§ Study material
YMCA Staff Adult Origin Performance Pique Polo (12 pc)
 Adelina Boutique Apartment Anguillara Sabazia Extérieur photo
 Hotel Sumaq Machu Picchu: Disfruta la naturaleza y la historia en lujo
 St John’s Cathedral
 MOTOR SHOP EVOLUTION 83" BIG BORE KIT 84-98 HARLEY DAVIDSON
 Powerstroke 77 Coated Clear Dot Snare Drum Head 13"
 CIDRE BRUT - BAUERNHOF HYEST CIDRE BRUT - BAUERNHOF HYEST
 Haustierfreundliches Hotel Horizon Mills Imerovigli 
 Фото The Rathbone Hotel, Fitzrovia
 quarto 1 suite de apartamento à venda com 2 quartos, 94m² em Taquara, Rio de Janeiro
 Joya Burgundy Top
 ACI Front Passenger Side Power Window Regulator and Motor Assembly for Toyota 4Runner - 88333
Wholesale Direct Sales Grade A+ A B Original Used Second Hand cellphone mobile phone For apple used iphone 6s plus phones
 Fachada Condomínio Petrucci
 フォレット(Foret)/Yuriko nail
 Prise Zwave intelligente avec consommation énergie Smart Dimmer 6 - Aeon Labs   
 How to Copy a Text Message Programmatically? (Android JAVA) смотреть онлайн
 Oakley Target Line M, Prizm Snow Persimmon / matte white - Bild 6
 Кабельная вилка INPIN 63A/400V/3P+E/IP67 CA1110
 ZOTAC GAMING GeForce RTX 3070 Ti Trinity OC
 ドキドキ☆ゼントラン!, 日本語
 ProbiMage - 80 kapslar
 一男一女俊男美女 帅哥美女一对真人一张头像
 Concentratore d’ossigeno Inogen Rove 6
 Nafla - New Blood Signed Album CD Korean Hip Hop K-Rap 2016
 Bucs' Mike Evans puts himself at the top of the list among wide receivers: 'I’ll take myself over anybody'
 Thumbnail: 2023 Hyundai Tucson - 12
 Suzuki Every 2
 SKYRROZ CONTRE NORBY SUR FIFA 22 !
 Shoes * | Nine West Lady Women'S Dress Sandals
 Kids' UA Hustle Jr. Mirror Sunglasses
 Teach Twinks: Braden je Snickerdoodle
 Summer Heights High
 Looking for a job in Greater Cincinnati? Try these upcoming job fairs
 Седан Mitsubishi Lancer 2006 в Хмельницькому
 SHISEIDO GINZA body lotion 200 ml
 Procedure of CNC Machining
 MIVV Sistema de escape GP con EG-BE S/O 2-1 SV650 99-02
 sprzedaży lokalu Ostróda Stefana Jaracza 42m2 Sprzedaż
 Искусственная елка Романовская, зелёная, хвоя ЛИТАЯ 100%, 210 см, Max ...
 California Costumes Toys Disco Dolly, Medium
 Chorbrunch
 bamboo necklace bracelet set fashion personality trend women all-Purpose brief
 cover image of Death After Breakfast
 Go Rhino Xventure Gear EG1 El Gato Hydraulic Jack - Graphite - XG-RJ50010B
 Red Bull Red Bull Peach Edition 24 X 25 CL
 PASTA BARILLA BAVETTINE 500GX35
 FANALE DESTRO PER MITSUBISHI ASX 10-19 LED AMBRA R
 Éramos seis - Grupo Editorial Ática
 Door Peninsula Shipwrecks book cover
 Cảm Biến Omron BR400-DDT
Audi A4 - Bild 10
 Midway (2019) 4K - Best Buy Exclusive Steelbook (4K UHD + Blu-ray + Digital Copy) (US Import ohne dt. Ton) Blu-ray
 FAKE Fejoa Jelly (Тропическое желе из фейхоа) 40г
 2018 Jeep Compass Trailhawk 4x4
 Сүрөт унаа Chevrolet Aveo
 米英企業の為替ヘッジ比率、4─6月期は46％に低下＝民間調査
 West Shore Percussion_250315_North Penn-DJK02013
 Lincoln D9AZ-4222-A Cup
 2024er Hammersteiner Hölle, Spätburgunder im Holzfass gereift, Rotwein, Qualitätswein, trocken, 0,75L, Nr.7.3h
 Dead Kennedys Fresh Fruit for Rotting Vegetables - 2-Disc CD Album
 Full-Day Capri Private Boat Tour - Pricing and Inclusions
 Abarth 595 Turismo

§ Exercise goal
Output exactly the lines of the material above from the one containing "Shoes * | Nine" up to and including the one containing "Сүрөт унаа Chevrolet Aveo".

§ Solution for this task
 Shoes * | Nine West Lady Women'S Dress Sandals
 Kids' UA Hustle Jr. Mirror Sunglasses
 Teach Twinks: Braden je Snickerdoodle
 Summer Heights High
 Looking for a job in Greater Cincinnati? Try these upcoming job fairs
 Седан Mitsubishi Lancer 2006 в Хмельницькому
 SHISEIDO GINZA body lotion 200 ml
 Procedure of CNC Machining
 MIVV Sistema de escape GP con EG-BE S/O 2-1 SV650 99-02
 sprzedaży lokalu Ostróda Stefana Jaracza 42m2 Sprzedaż
 Искусственная елка Романовская, зелёная, хвоя ЛИТАЯ 100%, 210 см, Max ...
 California Costumes Toys Disco Dolly, Medium
 Chorbrunch
 bamboo necklace bracelet set fashion personality trend women all-Purpose brief
 cover image of Death After Breakfast
 Go Rhino Xventure Gear EG1 El Gato Hydraulic Jack - Graphite - XG-RJ50010B
 Red Bull Red Bull Peach Edition 24 X 25 CL
 PASTA BARILLA BAVETTINE 500GX35
 FANALE DESTRO PER MITSUBISHI ASX 10-19 LED AMBRA R
 Éramos seis - Grupo Editorial Ática
 Door Peninsula Shipwrecks book cover
 Cảm Biến Omron BR400-DDT
Audi A4 - Bild 10
 Midway (2019) 4K - Best Buy Exclusive Steelbook (4K UHD + Blu-ray + Digital Copy) (US Import ohne dt. Ton) Blu-ray
 FAKE Fejoa Jelly (Тропическое желе из фейхоа) 40г
 2018 Jeep Compass Trailhawk 4x4
 Сүрөт унаа Chevrolet Aveo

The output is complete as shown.